I do miss my hair... a lot. I miss flinging it around when I got out of the shower or just finished washing it. I miss running my fingers through it and I miss it resting on the back of my neck. When I see other folks walking around with natural hair, I feel a little left out. I kind of feel like I'm no longer a member of the club - our little special club of "nappturally" beautiful people. I don't how long that feeling will be present, but it's still here. Also, I still feel a little awkward when people compliment me on my hair cut. It's like, you want to compliment me? NOW??? Of course, compliments are nice, but it feels weird to receive compliments after cutting my hair, like cutting off was a prerequisite for the good attention.
Finally, I wanted to write this blog to get some frustration off my chest.
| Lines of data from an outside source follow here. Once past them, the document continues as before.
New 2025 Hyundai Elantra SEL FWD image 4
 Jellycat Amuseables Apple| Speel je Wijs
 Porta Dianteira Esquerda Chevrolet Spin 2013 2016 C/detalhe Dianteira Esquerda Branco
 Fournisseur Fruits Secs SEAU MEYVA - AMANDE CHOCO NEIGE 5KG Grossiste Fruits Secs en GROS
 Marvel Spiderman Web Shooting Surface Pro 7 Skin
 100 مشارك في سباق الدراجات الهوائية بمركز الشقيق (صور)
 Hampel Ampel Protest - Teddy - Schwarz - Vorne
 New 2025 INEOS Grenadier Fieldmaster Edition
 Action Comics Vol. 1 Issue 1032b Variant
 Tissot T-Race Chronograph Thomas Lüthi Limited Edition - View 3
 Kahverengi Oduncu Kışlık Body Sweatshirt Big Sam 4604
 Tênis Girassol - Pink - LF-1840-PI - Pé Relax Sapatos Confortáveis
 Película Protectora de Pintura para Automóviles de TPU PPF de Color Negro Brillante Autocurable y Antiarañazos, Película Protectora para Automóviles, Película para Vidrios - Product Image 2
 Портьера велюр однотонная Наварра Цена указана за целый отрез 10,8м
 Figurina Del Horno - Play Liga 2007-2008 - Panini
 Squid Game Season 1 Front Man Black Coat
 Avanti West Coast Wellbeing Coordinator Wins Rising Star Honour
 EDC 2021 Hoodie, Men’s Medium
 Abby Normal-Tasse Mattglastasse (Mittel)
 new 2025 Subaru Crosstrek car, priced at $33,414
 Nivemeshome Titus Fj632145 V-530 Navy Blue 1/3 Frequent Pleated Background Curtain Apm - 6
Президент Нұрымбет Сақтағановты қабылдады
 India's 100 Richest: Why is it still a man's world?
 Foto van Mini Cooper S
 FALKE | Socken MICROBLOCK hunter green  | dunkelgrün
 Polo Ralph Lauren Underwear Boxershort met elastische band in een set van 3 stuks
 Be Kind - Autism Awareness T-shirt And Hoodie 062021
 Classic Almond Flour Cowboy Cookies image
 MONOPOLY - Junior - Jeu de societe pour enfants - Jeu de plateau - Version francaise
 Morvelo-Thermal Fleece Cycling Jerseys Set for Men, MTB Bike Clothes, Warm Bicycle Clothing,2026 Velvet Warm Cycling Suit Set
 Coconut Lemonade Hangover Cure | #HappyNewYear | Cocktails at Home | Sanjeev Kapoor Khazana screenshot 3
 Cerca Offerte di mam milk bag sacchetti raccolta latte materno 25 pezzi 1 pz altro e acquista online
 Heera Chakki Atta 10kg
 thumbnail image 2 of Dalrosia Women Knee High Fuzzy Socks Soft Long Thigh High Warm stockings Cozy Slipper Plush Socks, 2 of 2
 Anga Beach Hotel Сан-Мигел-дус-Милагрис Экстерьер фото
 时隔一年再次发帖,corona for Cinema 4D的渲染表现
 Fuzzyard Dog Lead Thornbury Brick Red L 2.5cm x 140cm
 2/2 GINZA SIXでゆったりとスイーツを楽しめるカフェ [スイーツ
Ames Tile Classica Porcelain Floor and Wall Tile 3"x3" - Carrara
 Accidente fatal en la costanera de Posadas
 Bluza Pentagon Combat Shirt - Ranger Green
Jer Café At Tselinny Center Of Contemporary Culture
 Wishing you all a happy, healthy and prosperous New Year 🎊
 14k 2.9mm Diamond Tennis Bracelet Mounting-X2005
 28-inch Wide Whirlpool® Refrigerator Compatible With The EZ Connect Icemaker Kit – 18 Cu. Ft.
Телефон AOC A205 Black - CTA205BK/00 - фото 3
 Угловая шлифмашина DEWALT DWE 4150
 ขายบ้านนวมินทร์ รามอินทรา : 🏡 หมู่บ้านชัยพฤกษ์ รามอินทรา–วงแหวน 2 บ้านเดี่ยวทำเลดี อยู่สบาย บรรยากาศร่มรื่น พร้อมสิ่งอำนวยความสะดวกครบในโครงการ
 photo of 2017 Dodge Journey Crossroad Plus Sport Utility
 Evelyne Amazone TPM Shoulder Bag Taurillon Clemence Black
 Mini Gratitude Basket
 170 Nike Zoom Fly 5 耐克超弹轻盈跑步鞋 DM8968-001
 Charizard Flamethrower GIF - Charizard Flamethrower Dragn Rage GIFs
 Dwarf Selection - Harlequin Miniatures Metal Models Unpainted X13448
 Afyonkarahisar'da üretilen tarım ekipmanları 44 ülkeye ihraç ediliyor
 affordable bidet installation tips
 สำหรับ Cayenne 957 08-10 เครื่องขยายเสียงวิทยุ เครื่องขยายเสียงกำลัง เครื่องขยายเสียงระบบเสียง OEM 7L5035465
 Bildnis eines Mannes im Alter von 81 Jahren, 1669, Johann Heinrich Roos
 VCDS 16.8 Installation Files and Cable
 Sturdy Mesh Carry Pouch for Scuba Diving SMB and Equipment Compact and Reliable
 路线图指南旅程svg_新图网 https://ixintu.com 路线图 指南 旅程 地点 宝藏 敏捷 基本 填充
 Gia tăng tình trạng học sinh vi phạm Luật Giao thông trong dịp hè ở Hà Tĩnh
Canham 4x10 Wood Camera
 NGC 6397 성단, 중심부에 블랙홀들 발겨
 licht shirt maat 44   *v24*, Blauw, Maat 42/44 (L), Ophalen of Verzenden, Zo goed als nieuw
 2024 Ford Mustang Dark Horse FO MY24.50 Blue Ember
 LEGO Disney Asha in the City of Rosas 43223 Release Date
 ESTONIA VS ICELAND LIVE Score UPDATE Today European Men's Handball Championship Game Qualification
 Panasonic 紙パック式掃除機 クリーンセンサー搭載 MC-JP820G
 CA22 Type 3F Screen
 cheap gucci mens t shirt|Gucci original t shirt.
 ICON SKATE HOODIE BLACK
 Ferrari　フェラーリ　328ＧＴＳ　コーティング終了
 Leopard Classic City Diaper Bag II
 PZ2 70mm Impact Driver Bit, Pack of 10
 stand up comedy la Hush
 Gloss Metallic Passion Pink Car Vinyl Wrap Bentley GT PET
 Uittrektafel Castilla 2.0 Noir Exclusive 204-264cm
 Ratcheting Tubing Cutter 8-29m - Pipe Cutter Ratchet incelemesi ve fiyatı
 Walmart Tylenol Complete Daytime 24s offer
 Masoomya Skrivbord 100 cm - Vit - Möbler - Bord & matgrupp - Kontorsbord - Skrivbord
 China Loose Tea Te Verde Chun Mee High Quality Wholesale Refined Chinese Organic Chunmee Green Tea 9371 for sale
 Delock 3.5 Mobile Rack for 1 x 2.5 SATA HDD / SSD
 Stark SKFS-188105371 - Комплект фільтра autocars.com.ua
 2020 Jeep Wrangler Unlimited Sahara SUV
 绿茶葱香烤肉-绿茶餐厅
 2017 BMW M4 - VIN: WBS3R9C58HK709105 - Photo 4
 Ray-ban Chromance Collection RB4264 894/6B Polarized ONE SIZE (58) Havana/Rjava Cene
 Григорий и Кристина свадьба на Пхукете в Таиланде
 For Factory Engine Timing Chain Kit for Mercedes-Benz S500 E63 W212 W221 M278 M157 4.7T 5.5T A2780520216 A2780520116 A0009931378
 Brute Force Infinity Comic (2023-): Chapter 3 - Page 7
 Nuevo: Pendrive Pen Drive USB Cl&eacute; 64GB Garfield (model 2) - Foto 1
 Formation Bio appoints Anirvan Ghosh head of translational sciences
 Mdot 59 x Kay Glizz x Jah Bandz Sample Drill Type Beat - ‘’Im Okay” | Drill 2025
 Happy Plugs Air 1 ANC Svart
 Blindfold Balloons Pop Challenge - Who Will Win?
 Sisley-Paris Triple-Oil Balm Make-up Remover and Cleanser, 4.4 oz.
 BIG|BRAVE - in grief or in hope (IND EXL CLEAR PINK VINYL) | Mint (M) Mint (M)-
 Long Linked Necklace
This year, I started a law firm with two other attorneys around the same time that I cut off my hair. Recently, a friend of mine, maybe in a joking manner, implied that I cut off my hair because I was starting a firm - this apparently would make me more appealing to potential clients or judges, I guess. I would have rather given up EVERYTHING than too cut my hair for THAT. When I graduated from law school, there were plenty of Black men who cut off their naturals. Some did it because they were just ready to. Others explicitly did it exclaiming, "I gotta get a job." I didn't do that. In fact, I carried my natural for four years and met with many more clients, other attorneys and judges than many of my "bald head" bredren did during the same period, and had no trouble with anyone. Let's be real, I'm a Black man in America, I'm not what many people want to see as a lawyer, doctor or business person - hair be damned. If someone had a problem, that's fine, but that's not my worry... My goal has always been to assert that even if you don't like me or the way I look, you are going to have to take notice of me, because I want to be that darn good. If I don't get there with someone and I've done my best, then it wasn't meant to be and I won't change who I am for approval of the closed-minded.
I have discovered that I really want to create some sort of support system or a movement for natural-haired Black professionals. I think it's needed. Back to the idea of a safe place, I didn't feel like I had a safe place among my fellow Black professionals all these years. Everyone is so geared into making Black professionals look like "the acceptable Negro," that there are few around to protect those who don't want to fit that mold. Hopefully, my journey will make it easier for someone to feel safe to break the mold and let their kinks glow.